• [WHAT YOU SHOULD DO]: All of the data below should be printed again exactly, pictures excluded.

• [RECORDED DATA]:
....
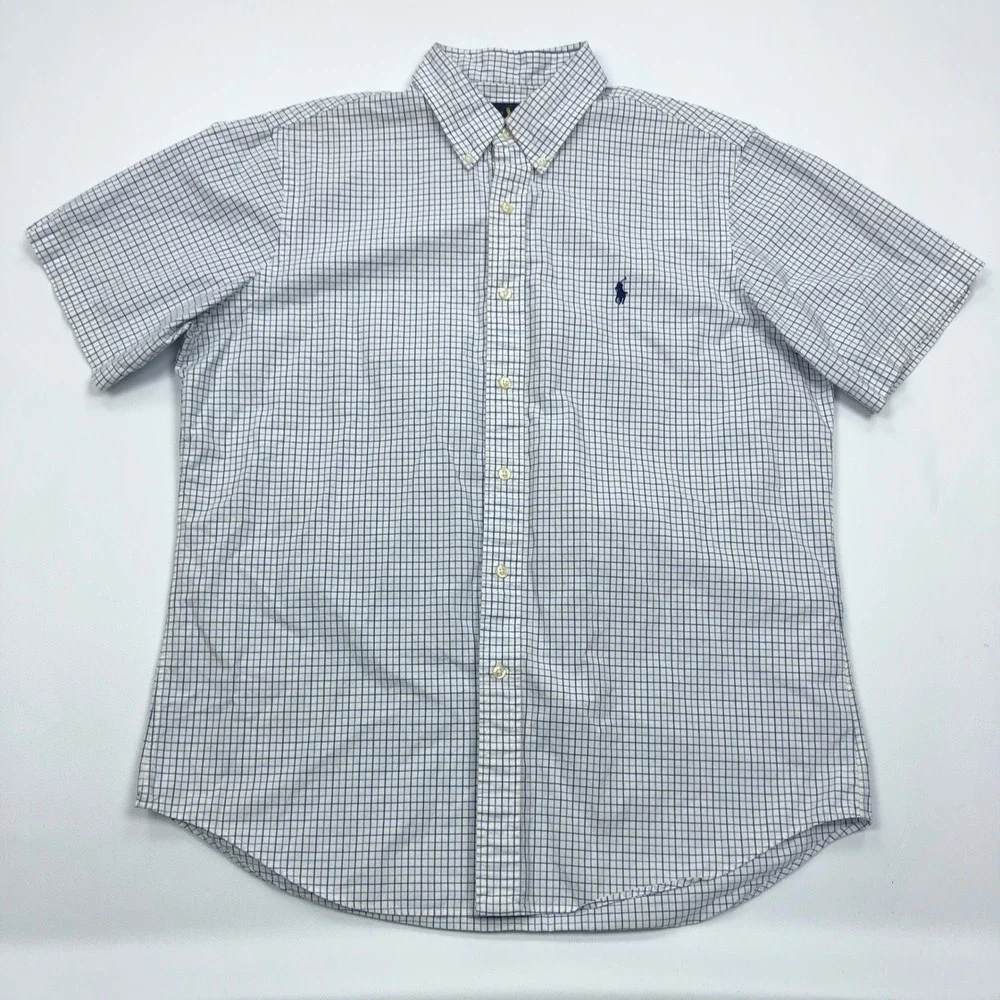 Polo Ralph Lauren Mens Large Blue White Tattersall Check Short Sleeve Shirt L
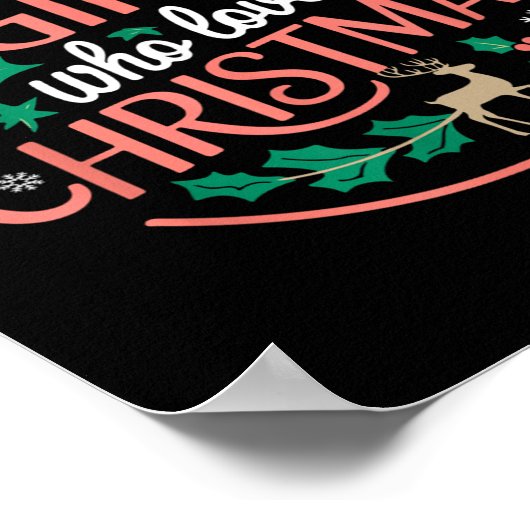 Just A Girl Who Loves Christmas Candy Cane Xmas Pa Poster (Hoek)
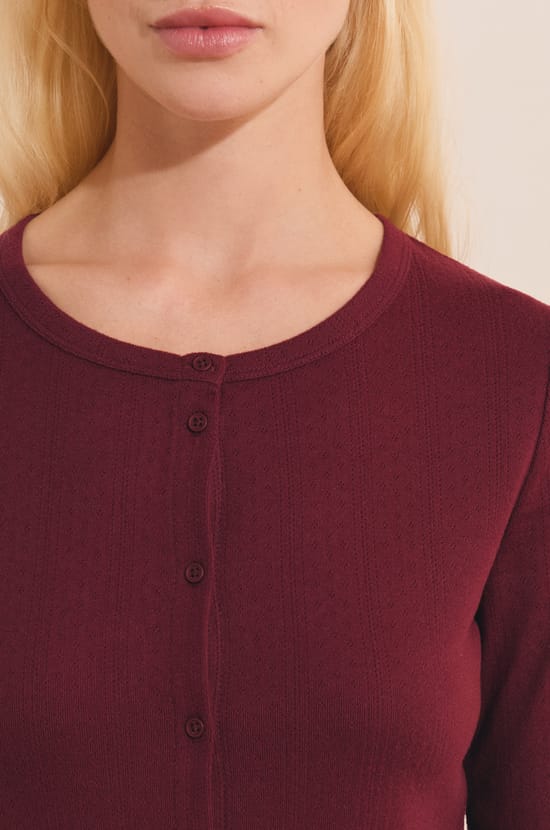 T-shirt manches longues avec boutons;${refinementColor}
....
• [EXERCISE ANSWER]:
 Polo Ralph Lauren Mens Large Blue White Tattersall Check Short Sleeve Shirt L
 Just A Girl Who Loves Christmas Candy Cane Xmas Pa Poster (Hoek)
 T-shirt manches longues avec boutons;${refinementColor}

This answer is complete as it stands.